Nevertheless, my point stands. Norris wasn't able to 'setup an overtake' at T16 exit. It's not as if he was trying to pass via slipstreaming, he was trying to pass via DRS. Otherwise how can his LeClerc overtake be explained ? Ferrari is faster than the Redbull in a straightline, but with super-low downforce setup, struggled to 'exit well without sacrificing entry' at T15 and T16, and that's why Norris could pass leClerc.

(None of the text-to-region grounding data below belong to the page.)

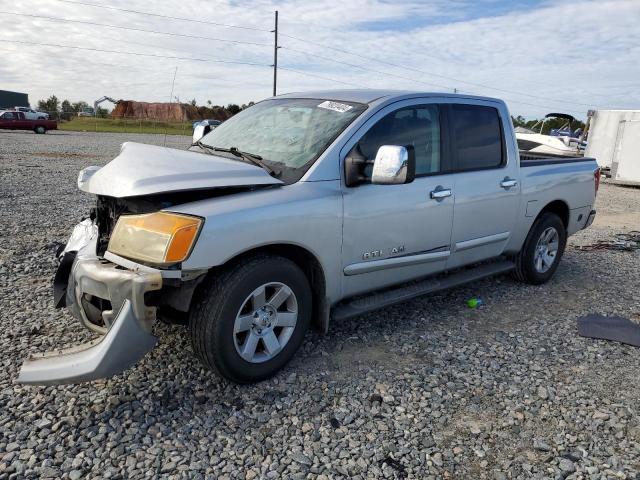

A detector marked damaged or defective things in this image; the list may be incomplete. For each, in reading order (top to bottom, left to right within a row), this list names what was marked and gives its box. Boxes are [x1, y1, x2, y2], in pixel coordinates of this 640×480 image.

crumpled hood [78, 142, 282, 198]
broken headlight [107, 213, 202, 266]
damaged front bumper [16, 256, 162, 384] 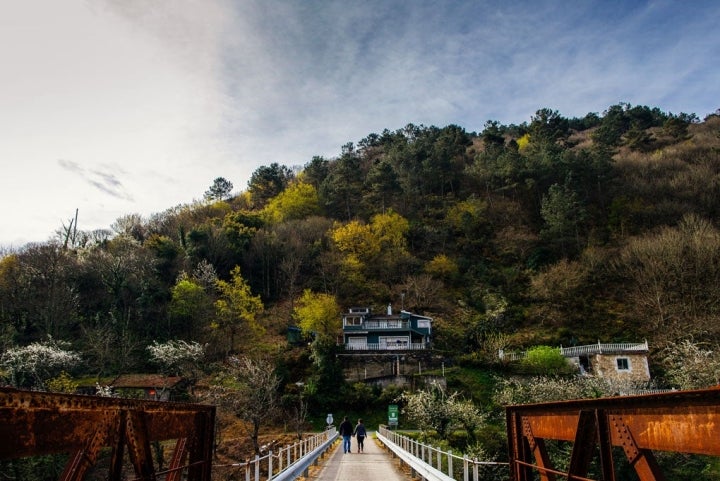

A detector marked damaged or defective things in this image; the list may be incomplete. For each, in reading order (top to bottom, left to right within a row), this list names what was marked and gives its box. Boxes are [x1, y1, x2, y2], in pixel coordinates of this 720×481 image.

rusted metal girder [0, 386, 215, 480]
rusty steel truss [0, 386, 215, 480]
rusted metal girder [504, 386, 720, 480]
rusty steel truss [504, 386, 720, 480] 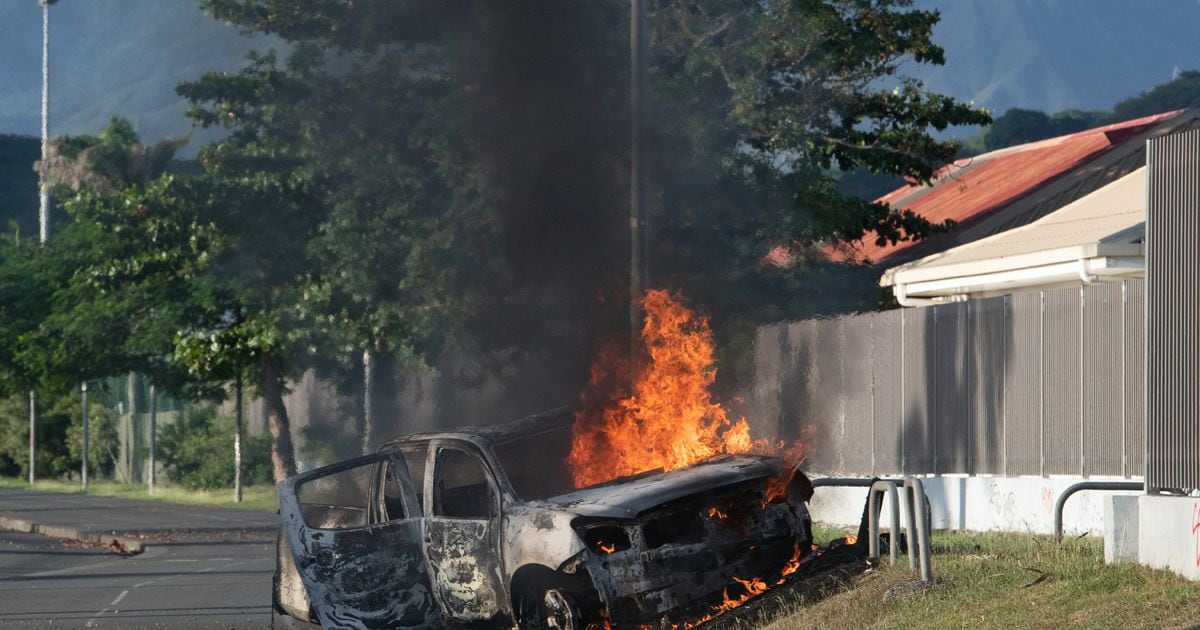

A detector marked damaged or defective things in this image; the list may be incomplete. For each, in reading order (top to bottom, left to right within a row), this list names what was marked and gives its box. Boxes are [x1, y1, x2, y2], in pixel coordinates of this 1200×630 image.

charred vehicle frame [276, 412, 812, 628] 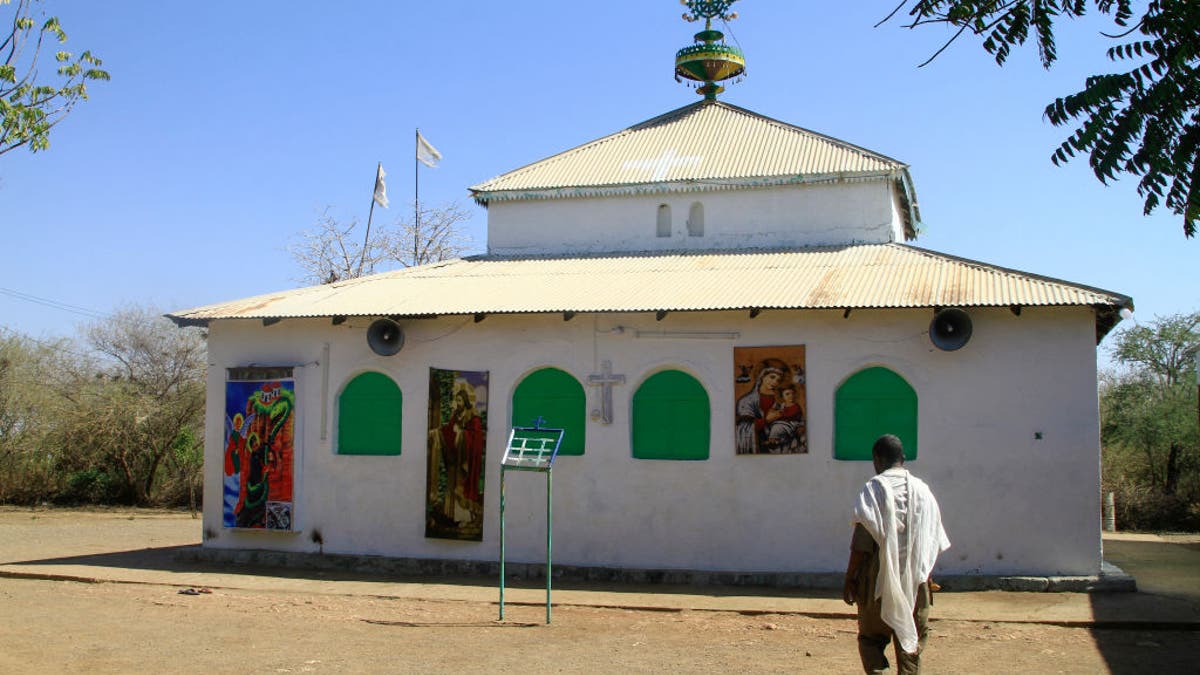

Unlike what 'dearest fans' of Norris might allege, I am not trying to degrade your favourite driver. Just telling the uncomfortable truth. Had it been Piastri instead of Norris, he would've 'tried' something - weave in the mirrors and disturb the guy in front, or try to take the shorter, curvier, fence-hugging line into T15
(which would've disturbed the straightline-braking everyone was trying to do into T15) , because he can brake later than lower winged cars with less downforce on them. None of this
'trying to setup the guy in front' happened. And that is Norris. At some point he has to make a 'gamble move'. He made one, in Canada, and it failed. Doesn't mean he shouldn't try anymore.